Athens leaves golden couples far behind
Athens was supposed to go down in history as the Game of Marion Jones and Tim Montgomery but the fantasy was punctured by a syringe.
The Athens Olympics were supposed to go down in history as the Games of the Golden Couple. The script writers had cast their characters and penned the perfect storyline long ago.
Marion Jones -- leading lady -- would win a bagful of bullion while her leading man, real-life partner and 100 metres world record holder Tim Montgomery, would be crowned the fastest human being on the planet.
The two would embrace, parade their young son before the world and the United States would go wild.
When that fantasy was punctured by a syringe, anonymously sent to the US drugs police and containing a previously undetectable designer steroid, a quick re-jig was required, along similar lines but with a Greek theme.

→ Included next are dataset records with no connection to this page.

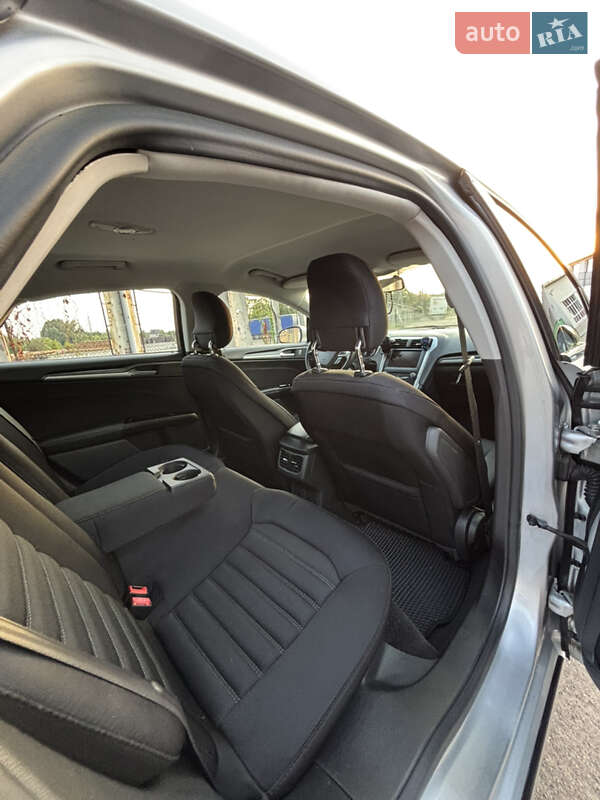 Седан Ford Fusion 2014 в Бучі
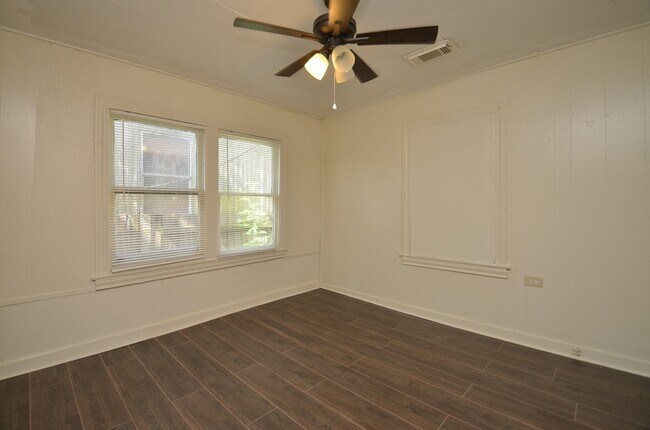 Building Photo - 1600 5th St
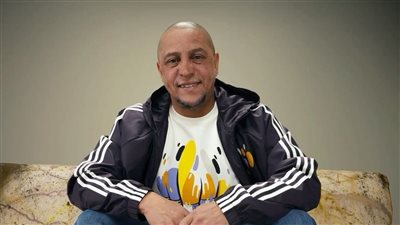 عبدالله الجهيني ينتقد شائعات إسلام روبرتو كارلوس: «لماذا الكذب والتأليف؟»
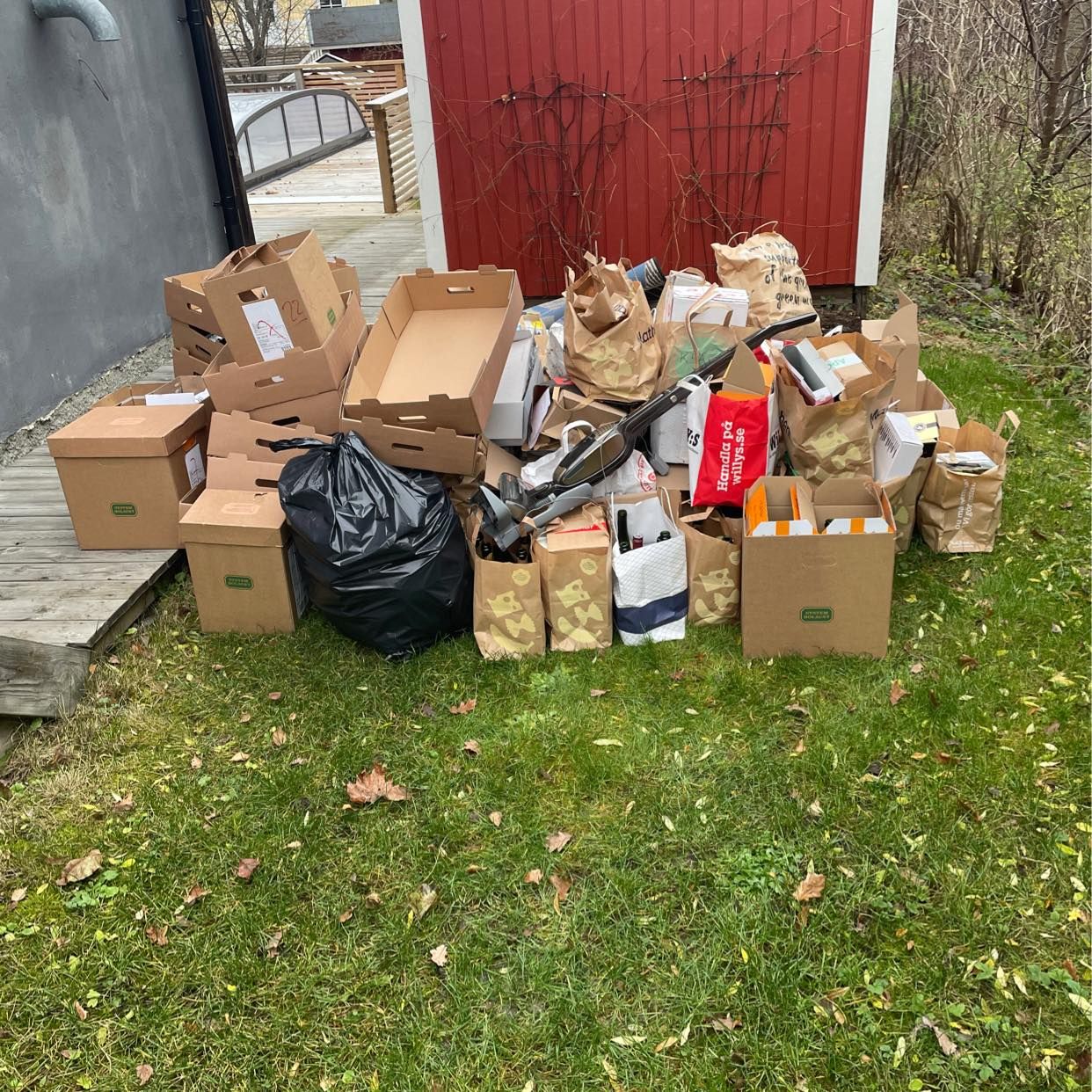 image of Blandat skräp - Älvsjö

Now Sydney victor Costas Kenteris would magically defend his 200 metres title -- not quite the Olympics' blue-riband event but as near as damn it -- and his training partner and compatriot Katerina Thanou would replace Jones as 100 metres queen. The pair would embrace and Greece would explode with joy.
But a missed drugs test, a mysterious motorbike shunt and a stream of unanswered doping questions also killed off that idea, culminating on Saturday with Kenteris and Thanou's suspension from the Greek team. Athens now desperately needs a second re-write.
The golden couple line appears defunct. The men's and women's sprints, too, seem fatally compromised as the stage for the big exploit of the Games. Sydney 100 metres champion and one-time world record holder Maurice Greene,
proclaiming himself the 'GOAT' (Greatest of All Time) at every opportunity, has both stature and a story to tell.
But how heroic would a repeat victory be, with the lanes next to him denuded of quality by scandal? Montgomery faces a doping ban while Europe's best, Briton Dwain Chambers, has already been sidelined for two years. The women's sprints, meanwhile, have been eviscerated, with Jones, herself being investigated by the US Anti-Doping Agency, off the pace and reduced to the long jump. Kelli White has been banned for doping after being stripped of a 2003 World Championship double.